In the current study, the duration of nonspeech prime tones will be varied parametrically in order to test the size of the temporal window that contributes to vowel quality perception. Prime durations will be 25, 50, 100, 150, 200, 300, and 500 ms, a set that spans the proposed short and long window durations. Because priming effects depend on similarity between prime and target, response times (RTs) are expected to be faster for “match” than for “clash” trials at each prime duration. Prime duration is likely to affect the magnitude of this priming effect, since primes that are shorter than the temporal integration window produce a weaker auditory response than primes with durations equal to or greater than the temporal integration window. This difference in activation is likely to modulate the effect of similarity between primes and targets. Thus, whatever the duration of the window is, increases in prime duration up to this value should increase the magnitude of the priming effect, while increasing the prime duration beyond the length of the window should produce no further increases in priming.

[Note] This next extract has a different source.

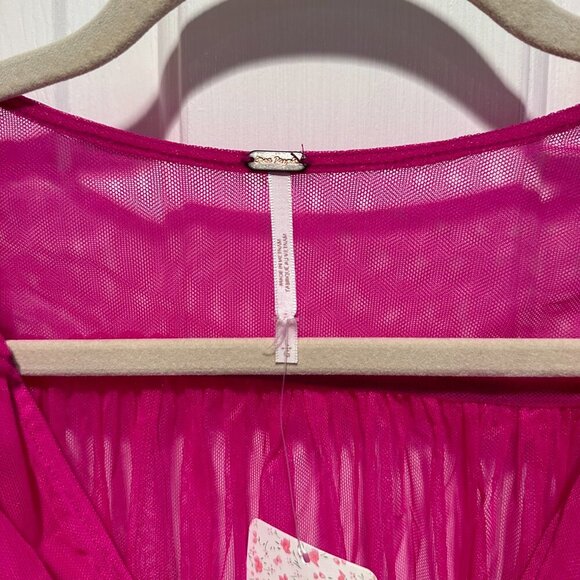 NWT Free People Pink Making Me Smile Top - Size Large - Picture 6 of 7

If, as Poeppel (2003) suggested, vowels are analyzed over a long temporal window of 150–250 ms, the shortest primes of the current experiment will be too brief to fully excite that window. These short primes should, therefore, produce less activation and a weaker priming effect than longer primes. Maximum priming should therefore occur at prime durations of 150–250 ms, at which point the prime stimuli will be as long as the temporal integration window. If, on the other hand, vowel perception draws on a short window, then short duration primes should fully excite the auditory representation of the vowel. Maximum priming should then occur at prime durations of 25–50 ms. Long and short temporal integration windows thus make different predictions for the direction of the effect of prime duration on priming magnitude between 20 and 250 ms (i.e., in the 25, 50, 100, 150, and 200 ms conditions of the current experiment). A long window predicts increasing priming over this range, while a short window predicts level or decreasing priming.
EXPERIMENT 1
Methods
Subjects
Subjects were 70 native speakers of North American English who reported having normal hearing and no history of speech or language disorders. They were paid for their participation.
Stimuli
Targets were two vowel sounds, [ɑ] and [i], synthesized using the PRAAT software package (Boersma and Weenink, 2007). The linear predictive coding residual of a single token of [i] spoken in isolation by a male native speaker of North American English was passed through a five-formant cascade to create each target vowel. F0 ranged from 123 to 131 Hz and the stimulus duration was 280 ms. The first three formants were set to constant frequencies unique to each target vowel; F1 and F2 frequencies were determined by measuring the speaker’s productions, while F3 was set to a value that produced the best vowel percept as judged by the experimenter (A. Wallace) ([i]: 362, 2191, and 3100 Hz; [ɑ]: 772, 1308, and 2960 Hz). The fourth and fifth formants, as well as all formants’ bandwidths, were not altered from the time-varying values measured in the original natural [i] (mean F4=3487 Hz, F5=3997 Hz; BW=82, 39, 261, 204, 238 Hz). The targets’ amplitudes were scaled so that they would be equal in perceptual loudness, as predicted by the ISO532B standard [71 dB sound pressure level (SPL) for both targets].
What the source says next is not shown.